«И далее, если мы предположим, что все должно было бы обстоять так и не так, то это какое-то «меньшее» и «большее» укоренено в природе вещей. Ибо не единообразно назвали бы мы число два четным, как и число три, не одинаково ошибается тот, кто считает четыре пятью и четыре тысячью. Если же, не ошибаются одинаково, то один ошибается меньше, а значит, говорит нечто истинное. Поскольку же то, что есть более истинно, более приближается к истине, следовательно, существовала бы некая [безотносительная] истина, к которой собственно и приближалось бы более то, что является более истинным. И даже если бы такой истины не было, то во всяком случае существовало бы нечто [относительно] более определенное и более истинное и мы, наконец, избавились бы от той безумной мысли, которая не позволяет нам ничего разумно определить»[173]
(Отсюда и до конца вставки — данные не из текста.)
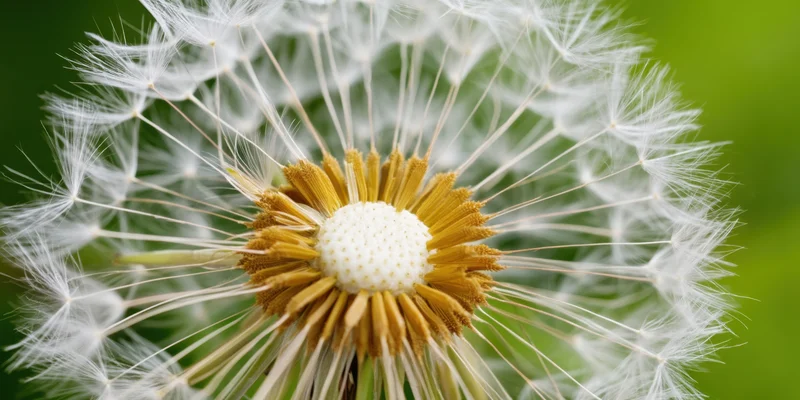 Macro close-up of a dandelion seed head with white fluff and golden-brown center against a green background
.При чтении этих слов кажется, будто Аристотель в отчаянном напряжении мысли искал архимедово δός μοι ποῦ στῶ![174]
Вот найти хотя бы одну определенную истину, не смешанную ни с какой ложью, свободную от всякого противоречия! Обрести хотя бы ту уверенность, что существуют некие правдоподобные суждения, приближающиеся к истине! Это единственное, что возвратило бы ему веру в способность разумного мышления и извлекло бы его из волн противоречия, которые захлестывают, кажется, весь мир!Самые глубокие логические проблемы иногда пробуждают необычные настроения. Вот на мгновение засверкал свет очевидной истины, окончательной и нерушимой. Мы летим к свету, стремимся увидеть его в полном блеске. Но тщетно! Чем ближе, тем темнее, мы утрачиваем путь, блуждаем в запутанных лабиринтах мысли и постепенно нас охватывает сомнение: неужели света не было? Неужели все было обманом? Эта навязчивая мысль повторяется и повторяется и мучает нас без конца. Страх загоняет нас в неизвестную темную пустоту. Мы были бы рады хоть искру ухватить из пламени, запылавшего на мгновенье, развеять темноту и избавиться от мрака и марева, которое путает мысли и лишает разума.
Отзвуки такого настроения я чувствую у Аристотеля. Ему почти не хватает дыхания, когда он вопиет в конце: καὶ τοῦ λόγου ἀπηλλαγμένοι ἂν εἴημεν τοῦ ἀκράτου καὶ κωλύοντός τι τῇ διανοίᾳ ὁρίσαι! (Наконец, мы избавились и от этой мысли, этой безумной мысли, которая нам не позволяет ничего разумно определить!) Как же отличаются начало и конец! Там гордая самоуверенность и гневное пренебрежение к противнику – здесь безнадежные усилия сохранить хотя бы остатки веры. Казалось бы, Стагирит вступает в борьбу уверенный в своих силах и полный надежд на победу. По очереди, как стрелы из колчана, он извлекает аргумент за аргументом, но вскоре замечает, что выстрелы его бессильны. Он исчерпал аргументы, но ни один из них так и не доказал принципа, который ему столь дорог. И тогда, собрав остатки сил и веры, он защищает последнюю позицию: только одно непротиворечивое бытие и только одну истину свободную от противоречия.
А может быть все было иначе? Возможно, его гордость и самоуверенность были только мнимыми? Иногда кажется, что Аристотель, предчувствуя своим глубоким и быстрым умом практическую и этическую важность принципа противоречия, намеренно сформулировал его как непоколебимый догмат, по сути заменив отсутствие аргументов своим мощным
Сегодня трудно анализировать психическое состояние человека, которое в короткий промежуток времени существовало многие столетия назад. Только одно кажется несомненным: ошибочным было бы мнение о том, что Аристотель, отодвигая спорный пункт в доказательстве принципа противоречия, хотел тем самым предоставить как можно больше возможностей противникам этого принципа. Мы вскоре обнаружим, что у него действительно было много причин сомневаться во всеобщем значении принципа противоречия, но, по-видимому, не хватило отваги, чтобы искренне в этом признаться.